IIFL Securities predicts that in the absence of court intervention, Vodafone Idea’s cash flow predicament will only become worse.
During trading on September 19, telecom stocks saw selling pressure after the Supreme Court denied the businesses’ request to recalculate their adjusted gross revenue (AGR) obligations.
Among the telecom companies that filed the remedy request were Vodafone Idea and Bharti Airtel. They claimed that the department of telecommunications had computed their debts with serious inaccuracy.
Vodafone Idea’s shares, a cellular provider beset by debt, fell more than 15%. Vi shares were trading at Rs 10.96 on the NSE at 12:05 p.m., while the price of Indus Towers’ stock fell 14% to Rs 367.25.
On the NSE, Bharti Airtel shares were trading at Rs 1,662 a share, up 0.5 percent.

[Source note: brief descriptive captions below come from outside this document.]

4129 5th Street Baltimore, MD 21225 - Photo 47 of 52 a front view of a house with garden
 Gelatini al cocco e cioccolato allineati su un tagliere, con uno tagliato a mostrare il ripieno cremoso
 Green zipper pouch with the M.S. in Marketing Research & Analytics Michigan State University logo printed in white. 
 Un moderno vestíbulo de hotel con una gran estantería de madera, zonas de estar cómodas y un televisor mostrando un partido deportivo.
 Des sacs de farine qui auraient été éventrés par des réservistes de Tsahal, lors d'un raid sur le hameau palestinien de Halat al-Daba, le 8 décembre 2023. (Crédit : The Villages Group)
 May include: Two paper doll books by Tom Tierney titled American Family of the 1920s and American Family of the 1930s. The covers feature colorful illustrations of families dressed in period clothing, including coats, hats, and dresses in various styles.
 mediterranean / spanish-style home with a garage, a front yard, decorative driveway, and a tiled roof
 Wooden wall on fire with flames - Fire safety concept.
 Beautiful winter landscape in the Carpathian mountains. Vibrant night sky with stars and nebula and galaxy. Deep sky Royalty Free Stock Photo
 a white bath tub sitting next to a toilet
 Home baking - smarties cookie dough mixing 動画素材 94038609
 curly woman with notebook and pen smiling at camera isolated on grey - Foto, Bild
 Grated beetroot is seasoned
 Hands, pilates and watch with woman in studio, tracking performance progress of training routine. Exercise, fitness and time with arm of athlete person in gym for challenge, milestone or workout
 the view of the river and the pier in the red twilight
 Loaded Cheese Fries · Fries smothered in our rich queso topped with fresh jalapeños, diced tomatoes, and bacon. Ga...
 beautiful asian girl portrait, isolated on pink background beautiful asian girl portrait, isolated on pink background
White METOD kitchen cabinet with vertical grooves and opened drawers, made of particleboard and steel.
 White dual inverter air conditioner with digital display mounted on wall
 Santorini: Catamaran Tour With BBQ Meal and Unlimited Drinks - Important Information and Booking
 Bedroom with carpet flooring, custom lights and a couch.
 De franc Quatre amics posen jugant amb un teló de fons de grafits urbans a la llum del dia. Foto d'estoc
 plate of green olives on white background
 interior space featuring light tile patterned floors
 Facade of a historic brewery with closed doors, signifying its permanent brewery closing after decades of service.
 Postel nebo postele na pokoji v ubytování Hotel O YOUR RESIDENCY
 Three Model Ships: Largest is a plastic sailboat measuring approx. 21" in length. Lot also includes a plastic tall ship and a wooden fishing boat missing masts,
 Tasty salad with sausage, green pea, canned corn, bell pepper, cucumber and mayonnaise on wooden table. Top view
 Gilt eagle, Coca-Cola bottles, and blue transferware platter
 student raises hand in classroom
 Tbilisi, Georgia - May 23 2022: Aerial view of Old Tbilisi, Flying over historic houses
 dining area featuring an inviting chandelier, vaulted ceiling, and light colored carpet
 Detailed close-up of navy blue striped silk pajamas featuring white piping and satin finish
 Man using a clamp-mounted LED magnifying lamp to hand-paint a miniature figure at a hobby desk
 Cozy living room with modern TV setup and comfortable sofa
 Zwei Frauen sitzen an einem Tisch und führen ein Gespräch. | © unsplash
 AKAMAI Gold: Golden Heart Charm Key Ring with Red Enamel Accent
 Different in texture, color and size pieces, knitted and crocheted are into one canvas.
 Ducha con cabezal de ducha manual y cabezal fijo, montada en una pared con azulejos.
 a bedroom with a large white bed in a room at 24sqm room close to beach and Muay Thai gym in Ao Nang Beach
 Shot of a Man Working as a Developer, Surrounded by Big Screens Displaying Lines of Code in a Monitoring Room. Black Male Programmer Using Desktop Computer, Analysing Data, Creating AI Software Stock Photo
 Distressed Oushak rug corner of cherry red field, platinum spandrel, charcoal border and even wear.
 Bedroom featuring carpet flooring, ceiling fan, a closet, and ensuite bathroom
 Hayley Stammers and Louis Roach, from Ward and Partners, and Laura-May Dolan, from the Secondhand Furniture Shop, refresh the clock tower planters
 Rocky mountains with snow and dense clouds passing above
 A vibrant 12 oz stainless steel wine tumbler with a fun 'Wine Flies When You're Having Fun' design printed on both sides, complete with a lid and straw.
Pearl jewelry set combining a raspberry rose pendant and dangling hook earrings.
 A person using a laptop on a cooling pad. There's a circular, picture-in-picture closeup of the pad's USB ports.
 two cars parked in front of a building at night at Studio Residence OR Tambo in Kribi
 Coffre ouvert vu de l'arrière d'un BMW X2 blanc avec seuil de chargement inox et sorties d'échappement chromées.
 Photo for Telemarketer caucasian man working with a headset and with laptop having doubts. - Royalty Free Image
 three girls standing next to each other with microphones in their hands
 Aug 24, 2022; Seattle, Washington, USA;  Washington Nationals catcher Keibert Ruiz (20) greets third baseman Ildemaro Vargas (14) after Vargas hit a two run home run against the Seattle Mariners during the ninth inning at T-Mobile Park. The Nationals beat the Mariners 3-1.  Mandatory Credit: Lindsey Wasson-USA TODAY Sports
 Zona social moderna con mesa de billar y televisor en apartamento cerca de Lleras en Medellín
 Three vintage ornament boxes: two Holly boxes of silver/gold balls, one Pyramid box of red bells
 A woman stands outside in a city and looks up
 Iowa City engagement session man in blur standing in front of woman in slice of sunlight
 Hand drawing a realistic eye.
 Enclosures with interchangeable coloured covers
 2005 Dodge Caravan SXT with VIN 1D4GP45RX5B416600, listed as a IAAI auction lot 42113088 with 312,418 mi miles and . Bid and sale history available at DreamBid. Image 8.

In the AGR case, Vodafone Idea requested three main reliefs in its curative petition: rectification of clerical and arithmetic errors in the AGR demand; limitation of the penalty to 50% of the shortfall; and revision of the penalty’s interest rate to 2% above the prime lending rate of the State Bank of India.
IIFL Securities predicts that in the absence of court intervention, Vodafone Idea’s cash flow predicament will only become worse. Bharti Airtel’s prospects are marginally improved by the dismissal of the curative appeal, particularly in light of prospective increases in market share.
However, in light of the negative Supreme Court ruling, it is unclear if Vodafone Idea can move forward with its intentions to raise debt. For Vodafone Idea to carry out its capital expenditure goals, debt financing is essential.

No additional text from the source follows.